**Records supplied**
BEGIN
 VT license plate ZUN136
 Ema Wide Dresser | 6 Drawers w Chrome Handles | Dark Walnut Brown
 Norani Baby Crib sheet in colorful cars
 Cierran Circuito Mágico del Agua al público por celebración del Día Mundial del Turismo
END
BEGIN
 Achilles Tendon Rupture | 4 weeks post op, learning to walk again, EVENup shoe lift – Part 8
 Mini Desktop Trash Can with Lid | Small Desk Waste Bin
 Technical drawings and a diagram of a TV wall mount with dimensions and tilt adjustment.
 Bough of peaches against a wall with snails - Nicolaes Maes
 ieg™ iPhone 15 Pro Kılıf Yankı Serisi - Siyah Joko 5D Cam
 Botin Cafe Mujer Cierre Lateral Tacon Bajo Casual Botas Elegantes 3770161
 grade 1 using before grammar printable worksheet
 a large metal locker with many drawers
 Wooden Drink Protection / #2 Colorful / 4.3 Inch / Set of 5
END
**Task instructions**
Look above for the line containing "Ema Wide Dresser". Output from there through the line containing "Cierran Circuito Mágico", exactly and inclusively.

**Answer to this task**
 Ema Wide Dresser | 6 Drawers w Chrome Handles | Dark Walnut Brown
 Norani Baby Crib sheet in colorful cars
 Cierran Circuito Mágico del Agua al público por celebración del Día Mundial del Turismo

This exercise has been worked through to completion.